Dr. Lektroluv a le sens du second degré. Il s’affiche comme fan de Derrick. Vêtu d’un costard argenté, il est affublé d’un masque de Derrick. De couleur verte. En fait, son casque n’est ni plus ni moins qu’un vieux téléphone blanc, comme dans la série allemande culte (NDR : enfin presque). Le concept a son style et au niveau de la performance, l’artiste n'a pas rencontré de problèmes pour enflammer un Marquee presque plein. Tantôt plus hard tantôt plus intimiste, les rythmes parviennent à envoûter le public. Et pour être complet, on précisera que les Belges de The Subs ont participé au set.
Après leur prestation accordée dans le cadre du ‘7 ans du Culture Club’ à Gand en compagnie de Bloody Betroots et co, MSTRKRFT a également livré un set entraînant, plaisant et relativement mainstream, dans un Marquee bondé. Au programme : une bonne partie de leurs compos, mais également de nos nationaux Sound of Stereo, ainsi que l'incontournable remix de « D.A.N.C.E. » qu’il va directement enchaîner par le « Da Funk » des Daft Punk. Le public est ravi. Jérémie aussi car il avait estimé le set précédent à Gand beaucoup plus ‘hard hitting’ et limite trop techno.
Tout comme la pluie, Deadmau5 démarre en trombe. Il porte un casque de souris. Son set est plus hard que prévu, nonobstant la succession de gros hits. Le jeu de scène est original. Les jeux de lumières sont excellents et son set VJ. A plusieurs reprises, il parvient à faire décoller son show. Notamment lors de « Daft Punk - Harder Faster Better Stronger ». Mais au fil du temps, l’enthousiasme s’atténue. En cause un style qui devient de plus en plus minimaliste. Il perd alors une bonne partie de son audience. Faut dire qu’au loin on peut entendre Steve Aoki qui semble être au meilleur de sa forme.
La course entre les scènes n’a pas permis d’assister à l’intégralité du set de DJ Matthew Herbert. Une chose est sûre, l’expression sonore était largement teintée de bon vieux funk, dans un dance hall à moitié plein ou à moitié vide, c’est selon.
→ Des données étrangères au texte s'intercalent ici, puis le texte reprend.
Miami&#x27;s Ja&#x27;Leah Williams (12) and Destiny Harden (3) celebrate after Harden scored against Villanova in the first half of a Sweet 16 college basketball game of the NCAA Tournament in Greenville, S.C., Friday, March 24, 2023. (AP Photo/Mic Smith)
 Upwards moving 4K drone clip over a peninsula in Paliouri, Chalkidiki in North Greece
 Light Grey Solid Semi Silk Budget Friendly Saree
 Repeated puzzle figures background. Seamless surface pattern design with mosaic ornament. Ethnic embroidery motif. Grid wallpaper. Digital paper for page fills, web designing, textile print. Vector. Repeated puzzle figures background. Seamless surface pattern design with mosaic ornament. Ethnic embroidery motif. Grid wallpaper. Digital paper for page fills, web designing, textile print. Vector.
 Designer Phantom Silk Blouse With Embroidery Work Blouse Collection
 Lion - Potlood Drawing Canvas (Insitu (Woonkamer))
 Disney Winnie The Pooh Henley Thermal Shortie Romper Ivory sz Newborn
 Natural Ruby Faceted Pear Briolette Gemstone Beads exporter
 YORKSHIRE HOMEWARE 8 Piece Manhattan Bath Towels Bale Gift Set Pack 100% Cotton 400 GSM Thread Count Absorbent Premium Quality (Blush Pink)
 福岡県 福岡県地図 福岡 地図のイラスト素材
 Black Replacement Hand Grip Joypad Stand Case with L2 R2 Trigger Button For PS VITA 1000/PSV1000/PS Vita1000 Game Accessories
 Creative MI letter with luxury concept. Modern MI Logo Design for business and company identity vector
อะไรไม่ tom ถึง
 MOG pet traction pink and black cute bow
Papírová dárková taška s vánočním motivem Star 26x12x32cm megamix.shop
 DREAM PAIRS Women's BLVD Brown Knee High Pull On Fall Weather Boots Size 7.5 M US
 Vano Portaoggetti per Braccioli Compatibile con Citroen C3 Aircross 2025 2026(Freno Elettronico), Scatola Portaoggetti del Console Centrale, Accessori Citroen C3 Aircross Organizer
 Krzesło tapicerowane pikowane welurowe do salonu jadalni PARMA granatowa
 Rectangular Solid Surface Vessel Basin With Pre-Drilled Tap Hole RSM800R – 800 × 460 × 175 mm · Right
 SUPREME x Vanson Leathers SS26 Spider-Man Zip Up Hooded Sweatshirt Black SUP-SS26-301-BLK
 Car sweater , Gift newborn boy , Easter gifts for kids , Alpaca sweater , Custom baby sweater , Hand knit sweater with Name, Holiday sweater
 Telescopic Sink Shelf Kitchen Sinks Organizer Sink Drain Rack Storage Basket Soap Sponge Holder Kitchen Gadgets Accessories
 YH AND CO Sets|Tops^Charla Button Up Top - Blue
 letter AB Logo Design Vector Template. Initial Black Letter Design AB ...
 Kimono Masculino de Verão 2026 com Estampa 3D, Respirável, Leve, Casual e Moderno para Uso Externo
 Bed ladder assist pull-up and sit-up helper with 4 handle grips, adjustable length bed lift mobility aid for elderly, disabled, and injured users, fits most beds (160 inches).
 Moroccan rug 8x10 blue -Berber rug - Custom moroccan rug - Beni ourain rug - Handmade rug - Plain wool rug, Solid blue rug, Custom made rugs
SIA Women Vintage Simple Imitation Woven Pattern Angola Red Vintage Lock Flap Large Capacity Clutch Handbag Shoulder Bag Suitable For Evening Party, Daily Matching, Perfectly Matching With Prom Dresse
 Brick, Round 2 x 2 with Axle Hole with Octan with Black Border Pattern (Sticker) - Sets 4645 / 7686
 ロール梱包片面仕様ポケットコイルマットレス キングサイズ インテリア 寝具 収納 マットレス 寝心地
Alors que la pluie redouble d’intensité sur la Plaine de la Machine à Feu.
Une pluie qui va finir par lasser Jérémie. Mais il n’était pas au bout de ses peines. Après deux heures du matin, il n’y a plus de navette pour rejoindre le parking. Il a donc fallu qu’il s’y rende à pied. Sous les trombes d’eau. Mais il en faut bien plus pour décourager vos dévoués reporters ; Jérémie et Sophie vous ont déjà réservé déjà de nombreux clichés dans notre rubrique ‘Photos’ ; et vous pourrez bientôt lire la suite des aventures de l’équipe de Musiczine, vécue lors de l’édition 2009 du festival de Dour… A suivre !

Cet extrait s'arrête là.